Trouble is I think only maybe 50 percent of those on atv/utv are actually "hunters". The rest are out enjoying nature at 40 mph.


----------



## Hoopermat (Dec 17, 2010)

middlefork said:


> I have maps from the 1960's that show multilple roads on FS land that have since been closed. It is not really a new thing.
> I have an ATV and stay on designated roads and trails. And I agree you certainly have a a gripe in a wilderness area. But I think the most abuse comes on normal FS and BLM.
> And I hate to complain but if you have a dedicated road through private property you will see destruction on both sides of the road because of the mentality of " here hold my beer while I climb this hill".
> Trouble is I think only maybe 50 percent of those on atv/utv are actually "hunters". The rest are out enjoying nature at 40 mph.

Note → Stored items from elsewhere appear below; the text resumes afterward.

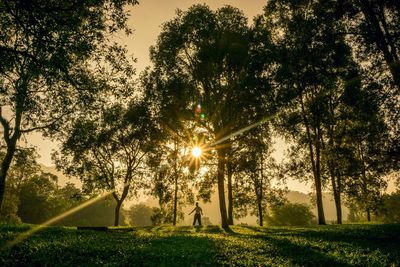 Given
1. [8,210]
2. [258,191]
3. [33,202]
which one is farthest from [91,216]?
[258,191]

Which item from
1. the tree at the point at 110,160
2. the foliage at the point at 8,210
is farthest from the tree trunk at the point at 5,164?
the foliage at the point at 8,210

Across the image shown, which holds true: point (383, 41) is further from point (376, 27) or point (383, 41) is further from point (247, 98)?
point (247, 98)

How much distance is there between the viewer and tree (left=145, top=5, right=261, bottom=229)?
33.7m

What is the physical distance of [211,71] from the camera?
34.4m

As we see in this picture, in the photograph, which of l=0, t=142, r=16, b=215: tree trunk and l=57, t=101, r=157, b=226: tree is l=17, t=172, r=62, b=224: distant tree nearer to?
l=57, t=101, r=157, b=226: tree

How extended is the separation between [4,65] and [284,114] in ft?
96.6

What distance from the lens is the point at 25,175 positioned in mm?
88188

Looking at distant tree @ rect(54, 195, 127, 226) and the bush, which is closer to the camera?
the bush

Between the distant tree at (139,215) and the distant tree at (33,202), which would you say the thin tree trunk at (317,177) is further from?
the distant tree at (139,215)

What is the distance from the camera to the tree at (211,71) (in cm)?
3369

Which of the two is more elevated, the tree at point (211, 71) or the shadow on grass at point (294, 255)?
the tree at point (211, 71)

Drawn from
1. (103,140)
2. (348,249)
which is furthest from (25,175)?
(348,249)

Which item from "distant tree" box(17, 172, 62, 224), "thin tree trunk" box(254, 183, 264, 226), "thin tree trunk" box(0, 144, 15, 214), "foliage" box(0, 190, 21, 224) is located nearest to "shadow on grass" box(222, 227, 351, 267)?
"thin tree trunk" box(0, 144, 15, 214)

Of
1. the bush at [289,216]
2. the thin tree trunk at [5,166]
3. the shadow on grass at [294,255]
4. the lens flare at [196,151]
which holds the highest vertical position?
the lens flare at [196,151] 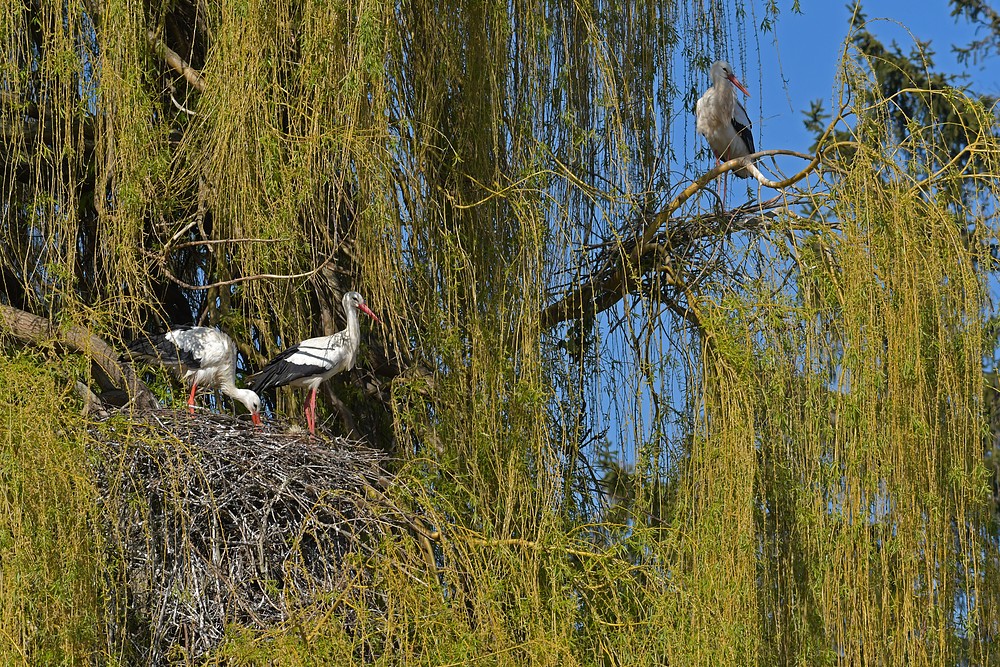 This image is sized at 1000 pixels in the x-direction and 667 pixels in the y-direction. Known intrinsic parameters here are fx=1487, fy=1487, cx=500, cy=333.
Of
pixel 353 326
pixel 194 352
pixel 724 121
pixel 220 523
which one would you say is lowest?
pixel 220 523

Yep you can blame congress for that. 
By limiting the FS or BLM budget they cannot afford to maintain every road. So they have to close them out of lack of funds. 
Has been a tactic of a few Utah reps. 
But good news is the best hunting sign you will ever see is road closed


----------



## Vanilla (Dec 11, 2009)

Blame them for that? Or thank them for that? 

I’m confused...


----------



## Hoopermat (Dec 17, 2010)

Really depends on how you look at it. 
Good for foot soldiers 
Bad for lazy people
Good for politicians that want to get people behind them on land transfer using it as proof the government is locking them out of their lands. While cutting budgets in the background to fuel the fire.


----------



## Vanilla (Dec 11, 2009)

So I’m going with “thank.”

Utah is not hurting in the legal off-road trail system arena. Plenty of places to ride legally for everyone that wants to do it. Every ridge does not need and should not have a road on it.


----------



## KalebReese (Sep 5, 2016)

I was pretty shocked the first time I went hunting in Utah at the amount of people on ATVs with complete disregard for the rules and regulations. The first couple days, we didn’t get that far from roads and we seen more people riding ATVs illegally off road than we did other people hunting on foot.

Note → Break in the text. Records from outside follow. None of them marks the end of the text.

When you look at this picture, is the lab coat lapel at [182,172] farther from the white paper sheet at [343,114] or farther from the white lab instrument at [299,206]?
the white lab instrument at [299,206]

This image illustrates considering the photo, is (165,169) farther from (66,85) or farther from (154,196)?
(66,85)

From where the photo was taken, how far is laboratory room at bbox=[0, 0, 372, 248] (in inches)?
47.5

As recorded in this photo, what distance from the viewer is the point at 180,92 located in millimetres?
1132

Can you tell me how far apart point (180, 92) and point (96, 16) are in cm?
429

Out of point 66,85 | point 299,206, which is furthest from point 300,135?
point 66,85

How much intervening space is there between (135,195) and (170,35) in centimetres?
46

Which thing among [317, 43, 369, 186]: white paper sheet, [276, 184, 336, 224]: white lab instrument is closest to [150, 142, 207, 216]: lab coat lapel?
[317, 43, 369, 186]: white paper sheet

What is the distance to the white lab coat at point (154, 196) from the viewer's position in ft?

For the record I don’t own an ATV and I’m completely for them being used legally. Like AZnative said though, nothing is more frustrating then spending hours and energy hiking in and then having an ATV come bee bopping through right as the sun is getting ready to come up.


----------



## taxidermist (Sep 11, 2007)

Critter said:


> You better change that to 40+ years ago.
> 
> I've been riding a 4wheeler now for 30 years and a couple of my hunting partners have been riding 3wheelers longer than that
> 
> Sent from my SM-J737V using Tapatalk


Critter is right! 40 years ago. Guess time fly's when your having fun.


----------



## taxidermist (Sep 11, 2007)

This topic of wilderness, roads, atv/utv, trucks, motorized vehicles, etc. being used in FS ground has been beat to death in similar post over the years. 


What I see most is the hikers complain about the vehicles, and visa versa. I feel ALL parties are to blame to some extent. I use both methods for hunting. An ATV/UTV can rip a road apart depending on how that individual drives. I've also found trash in areas where a motorized vehicle could never make it to. So, how did it get there??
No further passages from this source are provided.